(3) The books already mentioned making up his library, his printed maps, two sets of twelve-inch globes, a large achromatic telescope, Wilson's microscope, and a brass sextant, a barometer, and all his thermometers were to be taken by the Governor of the Red River colony and kept in Government hands for the general good of the Selkirk colonists.

(4) Cattle, swine, and poultry, which he had purchased for one hundred pounds from John Wills, of the North-West Company, the builder of Fort Gibraltar, were to be left for the sole use of the colony, and if any of his children were to ask for a pair of the aforesaid animals or fowls their request was to be granted.

(5) To his Indian wife, Mary Fidler, he bequeathed fifteen pounds a year for life to be paid to her in goods from the Hudson's Bay Company store, to be charged against his interest account in the hands of the Company.

(6) The will required further that of all the rest of the money belonging to him, in the hands of the Hudson's Bay Company or the Bank of England, as well as the legacy left him by his Uncle Jasper Fidler and other moneys due him, the interest be divided among his children according to their needs.

(7) After the interest of Fidler's money had been divided among his children till the youngest child Peter should come of age, the testator makes the following remarkable disposal of the residue: "All my money in the funds and other personal property after the youngest child has attained twenty-one years of age, to be placed in the public funds, and the interest annually due to be added to the capital and continue so until August 16th, 1969 (I being born on that day two hundred years before), when the whole amount of the principal and interest so accumulated I will and desire to be then placed at the disposal of the next male child heir in direct descent from my son Peter Fidler" or to the next-of-kin. He leaves his "Copyhold land and new house situated in the town of Bolsover, in the county of Derby," after the death of Mary Fidler, the mother of the testator, to be given to his youngest son, Peter Fidler.

This will was dated on August 16th, 1821, and Fidler died in the following year. The executors nominated were the Governor of the Hudson's Bay Company, the Governor of the Selkirk settlement, and the secretary of the Hudson's Bay Company.

Some time after the death of this peculiar man, John Henry Pelly, Governor-in-Chief of the Hudson's Bay Company, Donald McKenzie, Governor of the Selkirk settlement, and William Smith, Secretary of the Hudson's Bay Company, renounced the probate and execution of the will, and in October, 1827, "Thomas Fidler," his natural and lawful son, was appointed by the court to administer the will.
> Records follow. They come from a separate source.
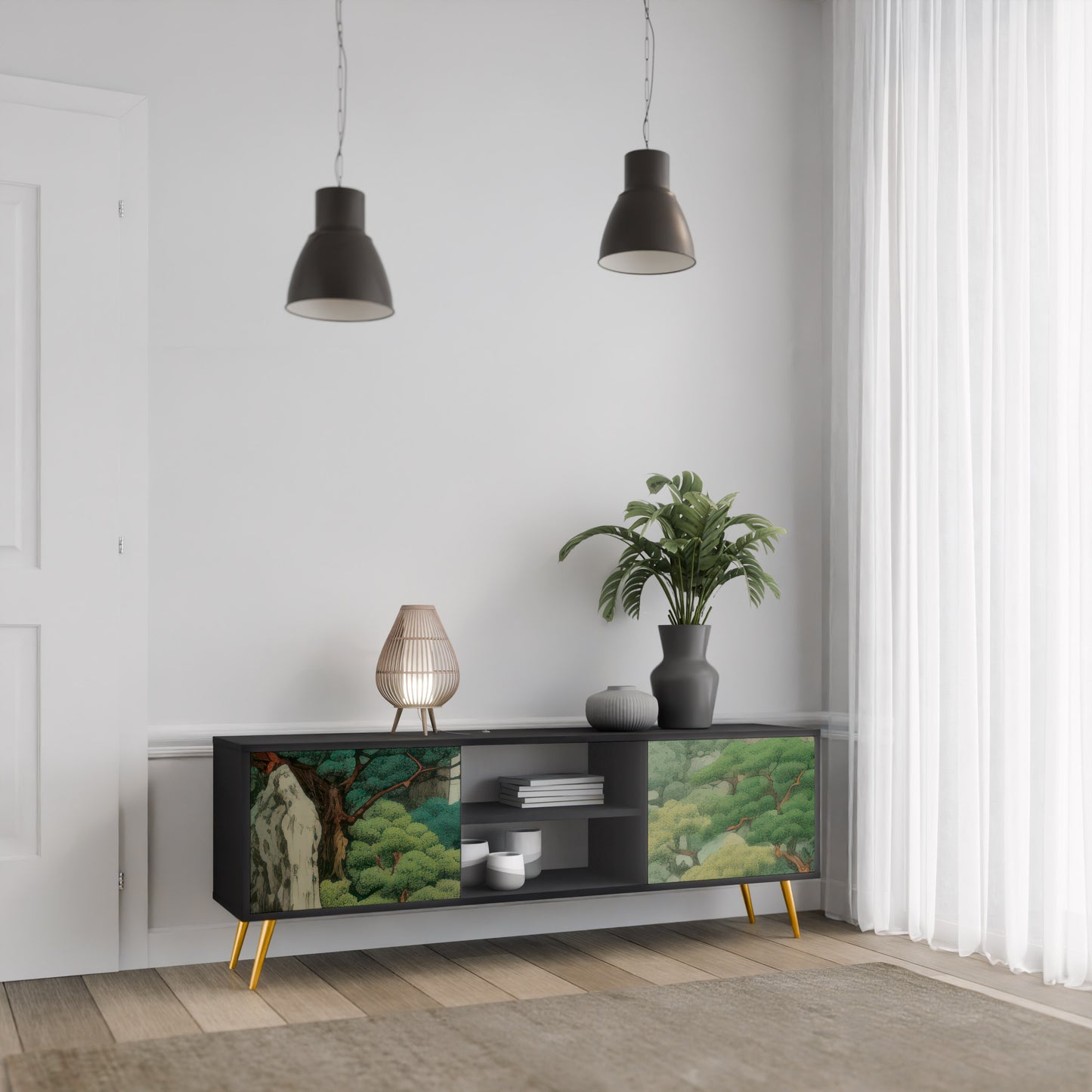 VERDURE ABYSS 2-dörrars TV-bänk i svart finish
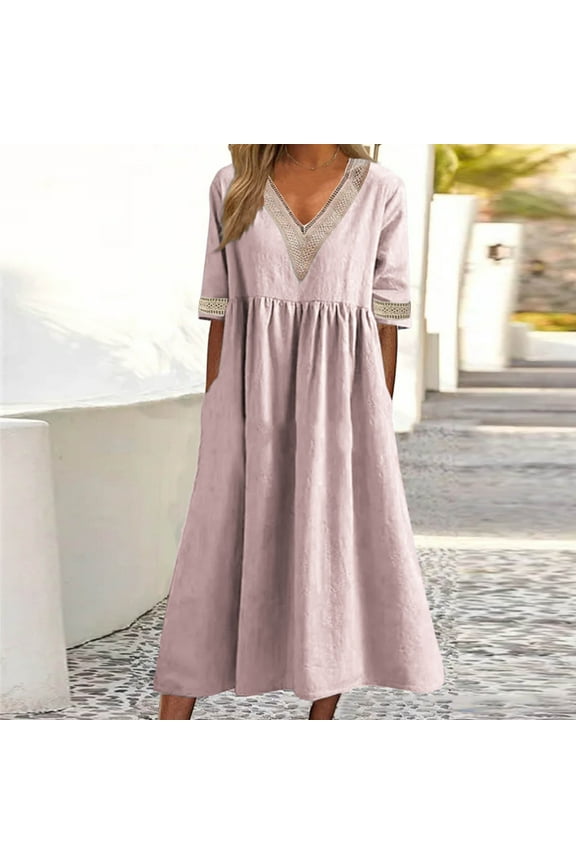 Women's Plus Size Casual Dresses Maxi Length Cotton Linen Dress Hollow V Neck Summer Beach Dress Loose Fit Short Sleeves Ruched Tshirt Dresses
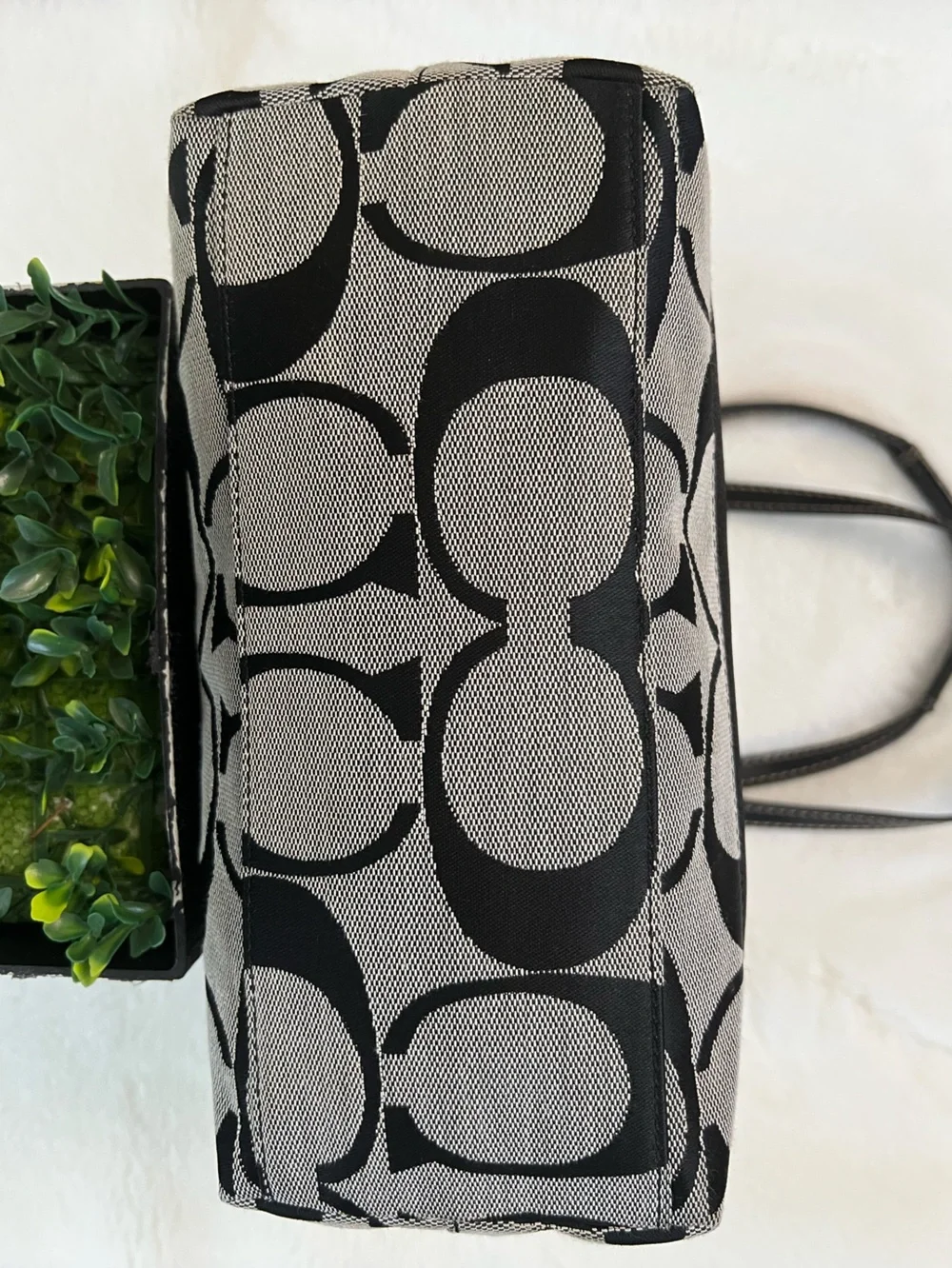 Coach Signature Stripe Tote Light Gray Black With Patent Leather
A considerable amount of interest in this will has been shown by the descendants of Peter Fidler, a number of whom still live in the province of Manitoba, on the banks of the Red and Assiniboine Rivers. Lawyers have from time to time been appointed to seek out the residue, which, under the will, ought to be in process of accumulation till 1969, but no trace of it can be found in Hudson's Bay Company or Bank of England accounts, though diligent search has been made.

STUBBORN JOHN MCLEOD.

John McLeod has already figured in our story. Coming out with Lord Selkirk's first party from the Island of Lewis, as one of the "twelve or thirteen young gentleman clerks," he, as we have seen, gave a good account of himself in the "imminent and deadly breach," when he defended the Hudson's Bay Company encampment at the Forks against the fierce Nor'-Westers. His journal account of that struggle we found to be well told, even exciting. It further gives a picture of the fur trader's life, as seen with British eyes and by one of Hudson's Bay Company sympathies.